Records for processing:
=-=-=

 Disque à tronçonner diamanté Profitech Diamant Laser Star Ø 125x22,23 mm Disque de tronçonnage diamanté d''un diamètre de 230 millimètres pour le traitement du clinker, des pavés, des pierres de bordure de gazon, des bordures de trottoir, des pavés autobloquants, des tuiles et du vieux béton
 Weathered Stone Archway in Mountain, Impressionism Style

=-=-=

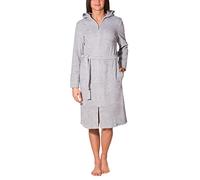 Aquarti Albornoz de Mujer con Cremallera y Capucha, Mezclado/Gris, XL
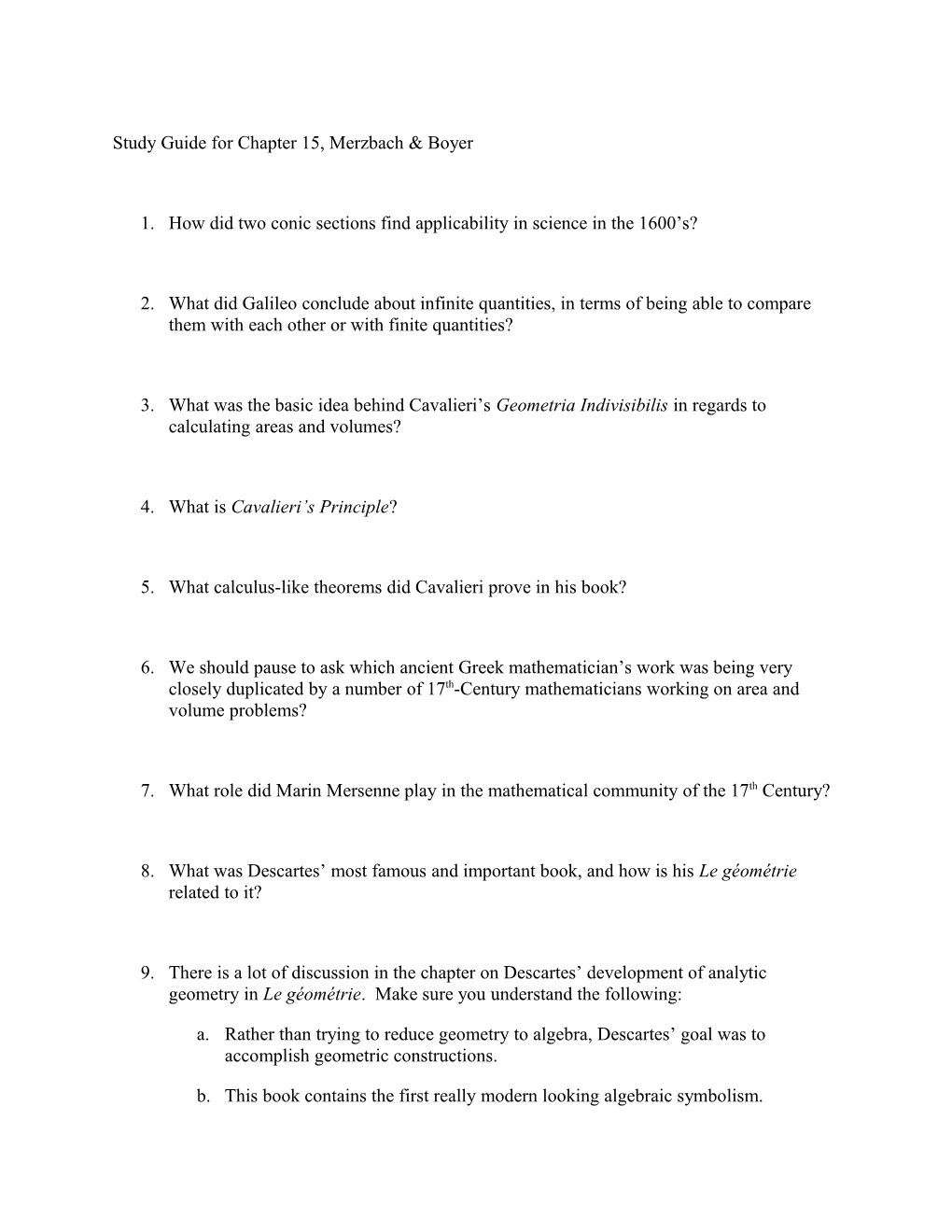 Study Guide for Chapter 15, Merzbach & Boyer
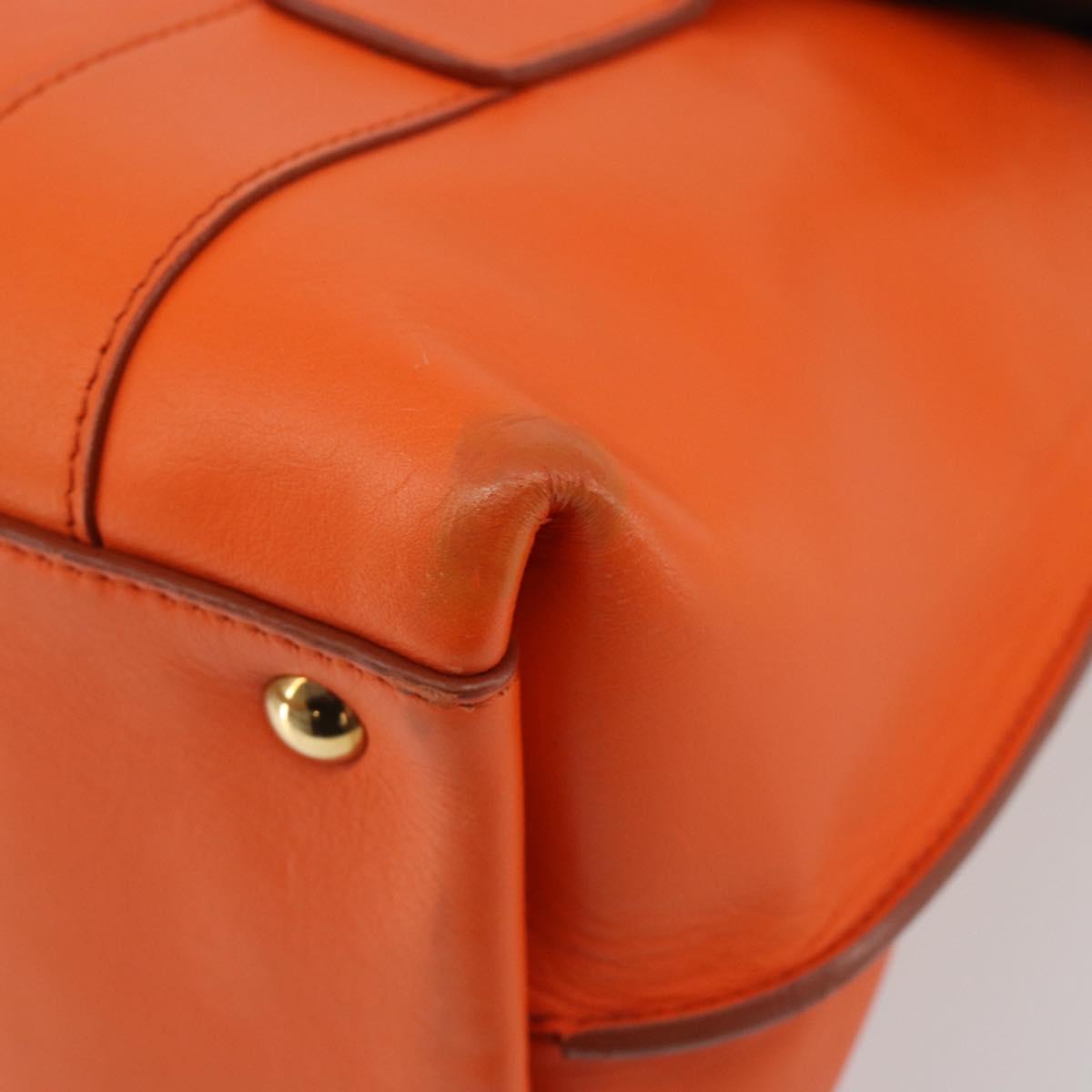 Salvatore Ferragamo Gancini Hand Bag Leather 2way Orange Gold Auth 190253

=-=-=

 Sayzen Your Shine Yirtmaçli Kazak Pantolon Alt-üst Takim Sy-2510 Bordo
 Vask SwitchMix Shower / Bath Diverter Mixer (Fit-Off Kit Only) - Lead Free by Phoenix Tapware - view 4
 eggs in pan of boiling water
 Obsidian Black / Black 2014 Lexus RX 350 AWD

=-=-=

Task statement: Transcribe only this stretch of the data: the line with "Aquarti Albornoz de", the line with "Salvatore Ferragamo Gancini", and every line in between. Leave out the pictures.

Result for this task:
 Aquarti Albornoz de Mujer con Cremallera y Capucha, Mezclado/Gris, XL
 Study Guide for Chapter 15, Merzbach & Boyer
 Salvatore Ferragamo Gancini Hand Bag Leather 2way Orange Gold Auth 190253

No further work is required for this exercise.